There’s a lot of noise about whether AI is in a bubble.
But over the past month, the conversations I’ve been part of - founder pitches, VC financings in AI application layer, diligence - paint a picture that’s far more uneven than the headlines suggest.
And that’s the point most commentary keeps missing.
People keep calling AI a bubble because they’re staring at one coherent “AI market” - and that market doesn’t exist.
There are three markets moving at three different speeds:
1) Infrastructure: the chips, data centres, supply chains.
2) Applications: the part that actually creates value for end users.

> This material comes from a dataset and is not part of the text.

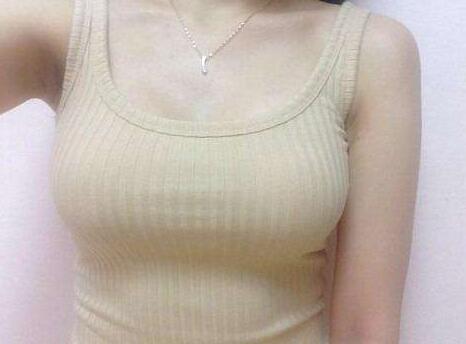 北京做假體豐胸價格是多少錢呢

3) AGI: the long-horizon belief system.
Each layer has different investors, different risk profiles, different economics.
They’re not inflating or deflating together.
They’re not meant to.
So trying to diagnose them as one organism is like taking three independent heartbeats and calling it a single pulse.

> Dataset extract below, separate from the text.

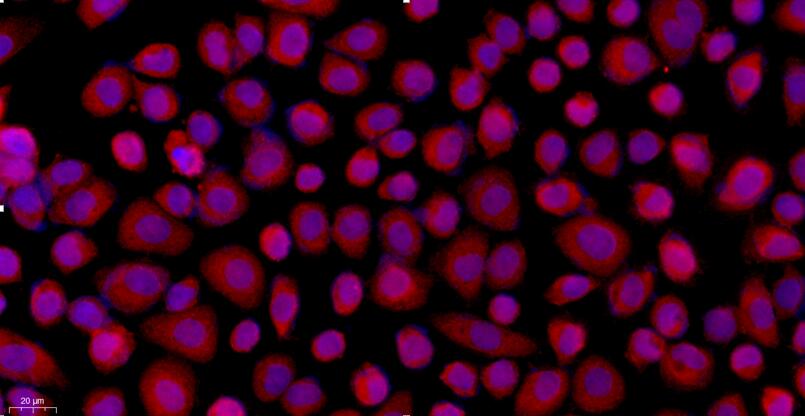 Primary Rat Peritoneal Mesothelial Cells (PMC)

And here’s something else people forget:
in every vertical - bubble or not - only a few companies ever generate returns above their cost of capital.
That’s not froth.
That’s capitalism.
Retail, fintech, biotech, SaaS - they all consolidate around a few winners.
Dozens of companies falling short doesn’t signal a bubble.
It signals competition.
There’s no reason to hold AI to a higher bar unless there’s a compelling reason to do so.

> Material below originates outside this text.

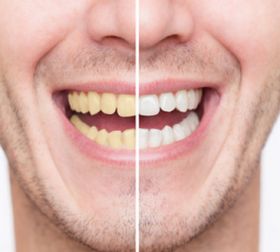 Teeth Whitening Clinic Dubai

Yet, people do - because they’re conflating company risk with technology risk.
Consumers don’t care which AI company wins.
This isn’t social media, where switching platforms means abandoning a social graph or an identity.
If one model disappears tomorrow, people will simply open the next one.
No loyalty.
No friction.
No memory.
Companies may come and go, but the technology isn’t going anywhere.
AI isn’t a “company story.”
It’s a cost-curve story.
And ironically, if there is a bubble anywhere, it’s probably in infrastructure - the most capital-intensive layer with the weakest pricing power. Billions in debt raised now for GPU capacity that won’t be fully monetised for years.
But even if infra is overbuilt, the result isn’t collapse - it’s cheaper inputs.
If GPU capacity gets ahead of demand, the cost of goods for the entire app layer drops:
cheaper inference
cheaper training
cheaper experimentation
Value doesn’t evaporate - it migrates.
A capex bubble becomes a margin-expansion story for B2B and consumer apps.
Unlike the Metaverse (remember that…?) - a top-down attempt to manufacture a future - AI is spreading bottom-up.
Kids are using it for homework.
Students for revision.
Creators for ideas.
People dismissed that once.
The same way they dismissed TikTok as a place for dance videos - until it became the default discovery engine for an entire generation.
This is how real platforms grow:
quietly, peer-to-peer, long before institutions catch up.
Which is why the question “Are we in a bubble?” is the wrong one.
The more useful question is: what part of the stack are we actually talking about?
Because once you separate the layers, the narrative stops looking like mania -
and starts looking like a transition that’s messy, uneven, and entirely normal.
✍️ Note to self: The market isn’t one thing. Neither is the truth.